Through short scenes, silent comedy vignettes, dances, folk songs and even some moments of beat boxing, Gaia questioned several distinct concepts related to sustainability and human interactions with the natural world. The play brought up questions about organic and genetically modified foods, recycling, driving, the isolating effects of technology and modern society’s disconnection from nature.

Levine said she was inspired to include these concepts based on what she saw in her own community of Indianapolis, as well as global issues. She spent the summer of 2014 researching and preparing for the play, which premiered at Butler in September.

“I was reading about climate change and environmental theories,” Levine said. “And then also just popular culture, how we talk about climate and the environment and nature, and how humans are linked in with all that.”

Levine presented these issues in her play, but she didn’t offer any solutions. She said that wasn’t the goal of the play. Instead, she intended to make audiences think about the outcomes of their actions and look at their lives in new ways.

“That’s what I wanted,” Levine said. “For people to continually question and not accept answers that are presented to them.”

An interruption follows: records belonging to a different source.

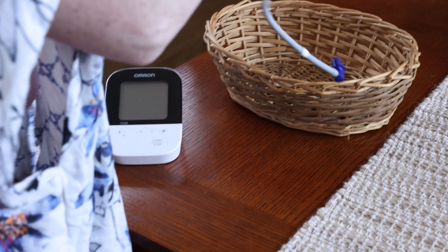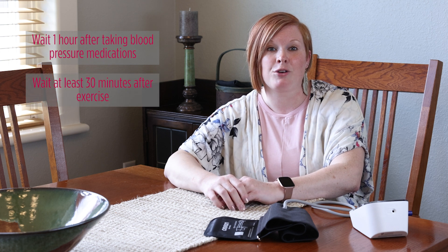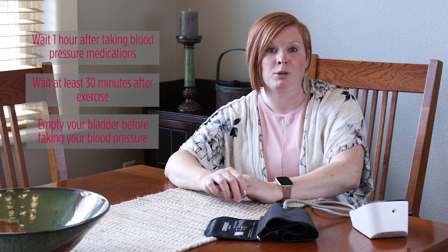First, it is important to follow these guidelines before taking blood pressure. Wait at least one hour after taking any blood pressure medications. Wait at least 30 minutes after exercising before checking your blood pressure. And also empty your bladder prior to taking your blood pressure.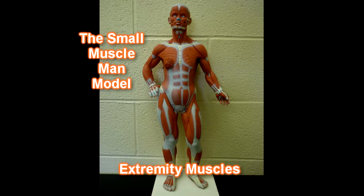Hello, this is Dr. Loach from HumanBodyHelp.com, and today we're going to run through the muscles of this little guy right here, the Small Muscle Man model.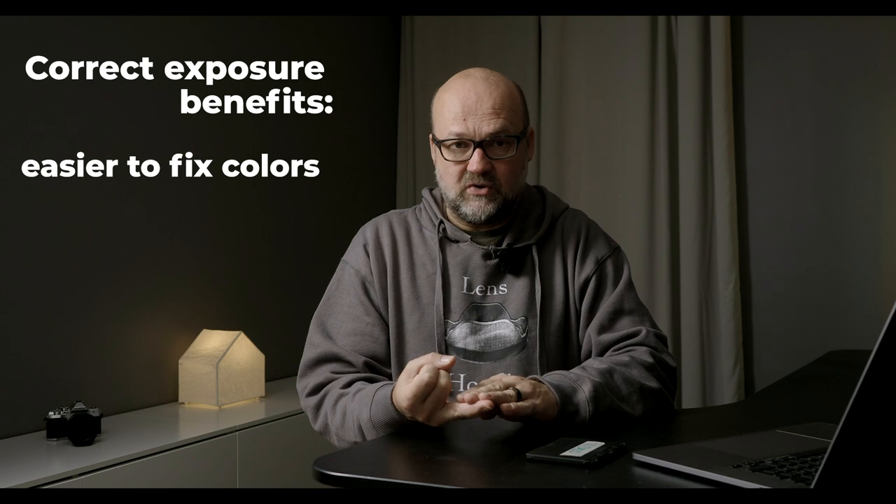Tip number two: get your exposure correct. This might not be the first thing you think of when getting colors spot-on, but if you underexpose images a lot, the colors become oversaturated and too dark. If you then open up the image by increasing exposure in post, you introduce noise and the colors won't be accurate. A slight overexposure is much better than underexposing, though this depends on whether you're shooting RAW or JPEG.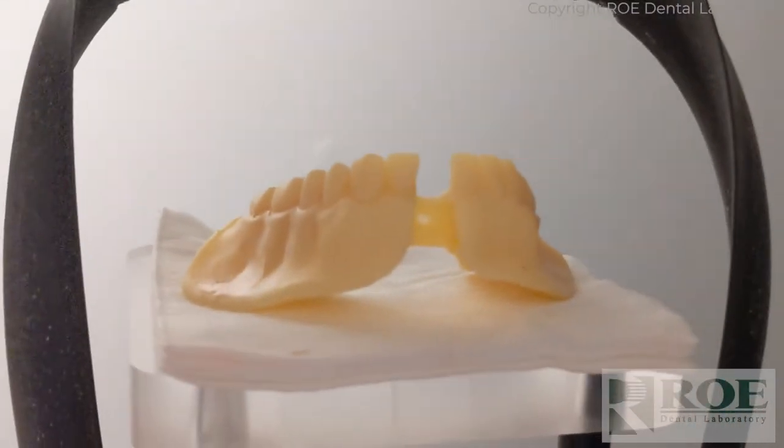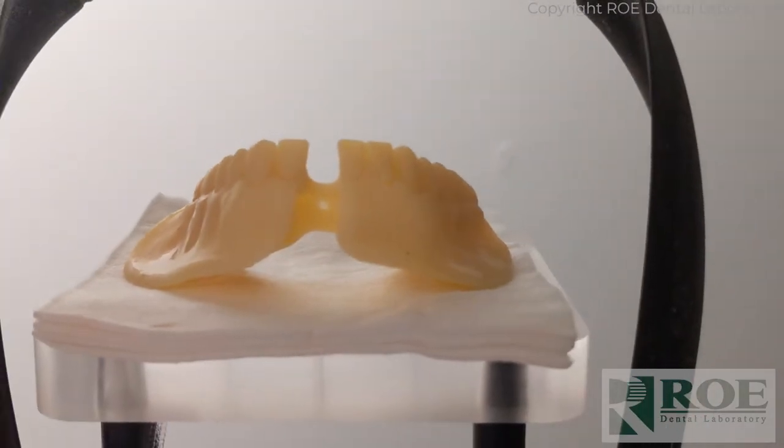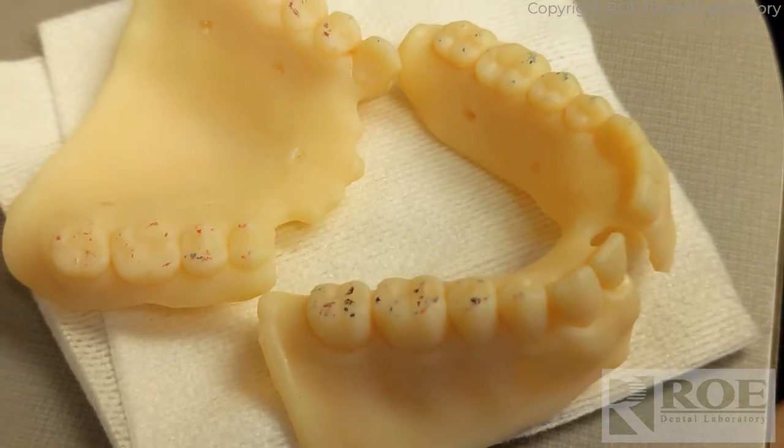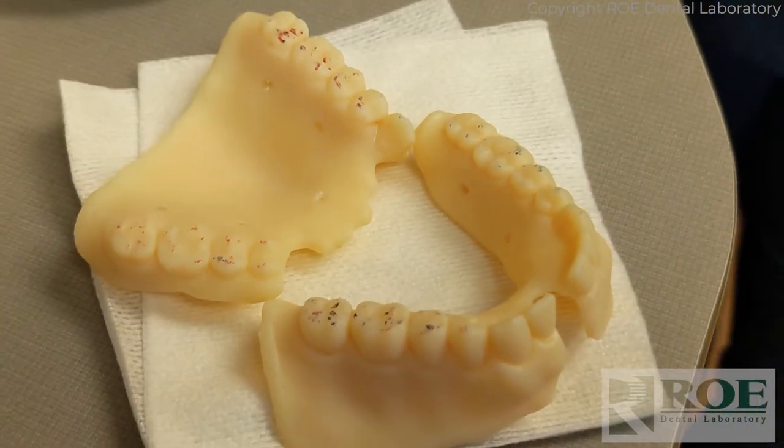The plane of occlusion isn't that important here — we just want teeth off the table. We checked it with equilibration paper and now we're going to try them in and take a bite.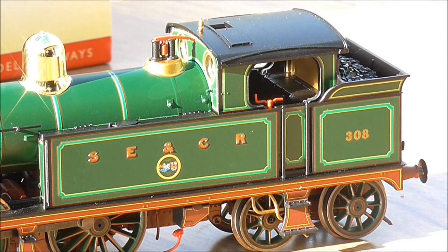Let's look at the livery more closely — the almost fully lined South Eastern and Chatham green livery. Starting at the back, the bunker is nicely lined out with red and black edging around the outside. The numbers are printed in gold to represent the etched or milled brass numbers on the real locos. You can see the flared bunker top, which is also lined out, as is the cab door, with a nicely printed logo and lettering on the side of the tank.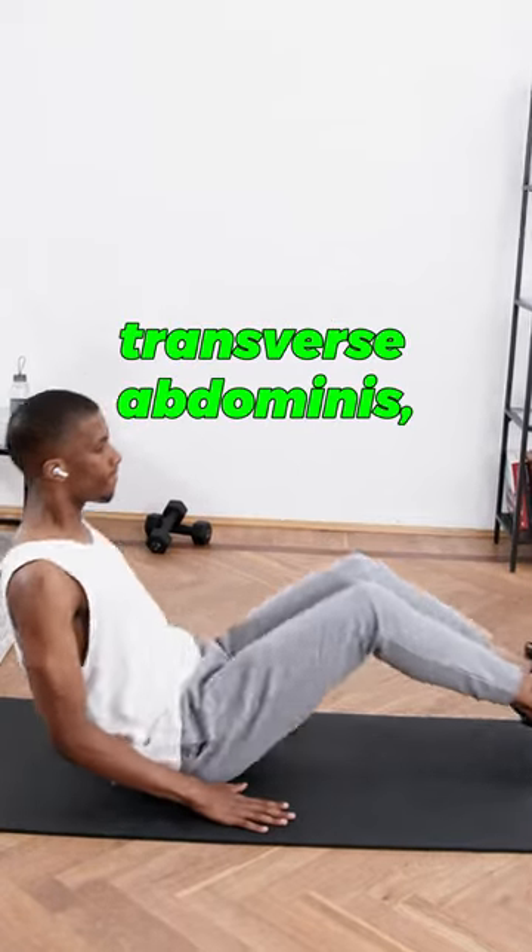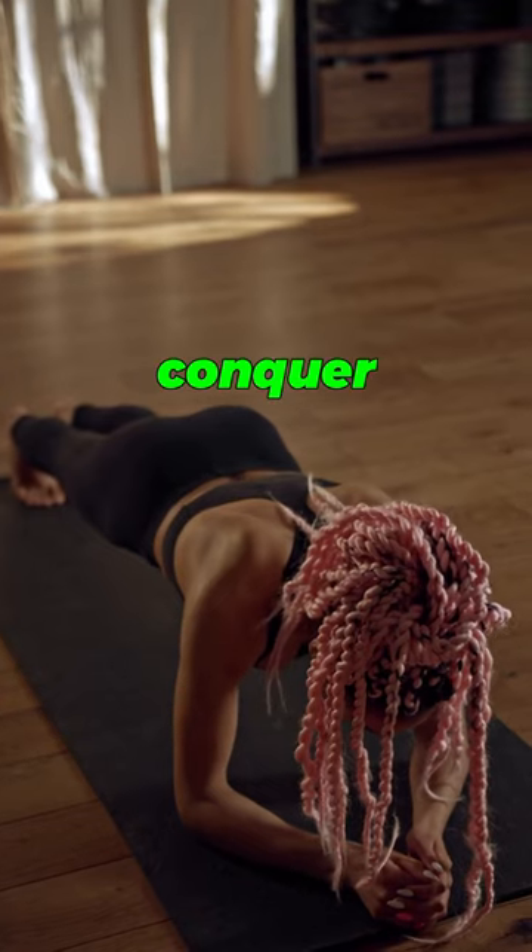Uncover the mystery of the transverse abdominis, your deepest abdominal muscle. Here are seven exercises to help you conquer it.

Levine was confident in her goals, but she said she wasn’t so confident about how audiences would respond to this unorthodox piece of theater. She was unsure of how people would react when the play was first performed at Butler in the fall, but she said she was overwhelmed by the how well audiences received the show.

“They were engaged and responded really positively,” Levine said. “People appreciated the use of humor with this really heavy topic, and it was really positive all the way around. It’s amazing to have something that I was inside of for so long, and then be able to step back and hear from audiences what they thought of it.”

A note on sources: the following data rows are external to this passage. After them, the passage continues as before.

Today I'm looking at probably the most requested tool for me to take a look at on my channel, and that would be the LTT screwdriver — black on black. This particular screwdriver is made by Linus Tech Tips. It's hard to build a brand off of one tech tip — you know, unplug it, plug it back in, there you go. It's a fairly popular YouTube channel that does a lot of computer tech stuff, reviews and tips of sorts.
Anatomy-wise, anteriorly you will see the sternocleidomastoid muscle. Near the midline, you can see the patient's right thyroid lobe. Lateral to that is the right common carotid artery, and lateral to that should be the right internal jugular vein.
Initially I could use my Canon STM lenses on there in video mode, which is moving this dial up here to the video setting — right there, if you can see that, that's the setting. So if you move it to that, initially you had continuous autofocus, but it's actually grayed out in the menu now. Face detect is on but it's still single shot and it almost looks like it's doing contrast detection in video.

Reactions from the audience at the EcoSummit were similarly positive. Emma Laut, a biology major at Marion University who attended the conference, said she had never before seen a play like Gaia with an environmental mission, but she thought it was an effective concept.

“I think that the arts are a really beautiful and outspoken way to get anything across,” Laut said. “When you use art and when you use humor instead of just bluntly saying things, people have to try and figure it out, and people like to try to figure things out. That’s something she [Levine] did really well in this. It kept you captured the whole time.”

Allison Turner, a student at Purdue University majoring in natural resource and environmental sciences as well as political science, said she appreciated Levine’s creativity in finding a new way to present environmental issues.

“We need anything anymore,” Turner said. “If one person can be changed by it, it’s worth it, because you just want to get things out. If it makes somebody think, it’s just one more way to start this conversation.”

Levine’s play left audiences with plenty to think about and discuss. The half-hour show covered diverse topics and brought up lots of questions about the way people interact with the Earth and with each other. Although it didn’t offer any solutions, Gaia did end with a call to action.

“We stand at a critical moment at Earth’s history, at a time when humanity must choose its future,” actress Sonia Goldberg said near the show’s end. “As the Earth becomes increasingly independent and fragile, the future at once holds great peril and great promise. It is imperative that we, the peoples of Earth, declare responsibility to one another, to the great community of life and to future generations. We are at once citizens of different nations and of one world, in which the local and global are linked.”

The play that started with a question ended with another one, in glowing white words projected into the darkness, which sent a message to audiences that the next step is in their hands. “What now?”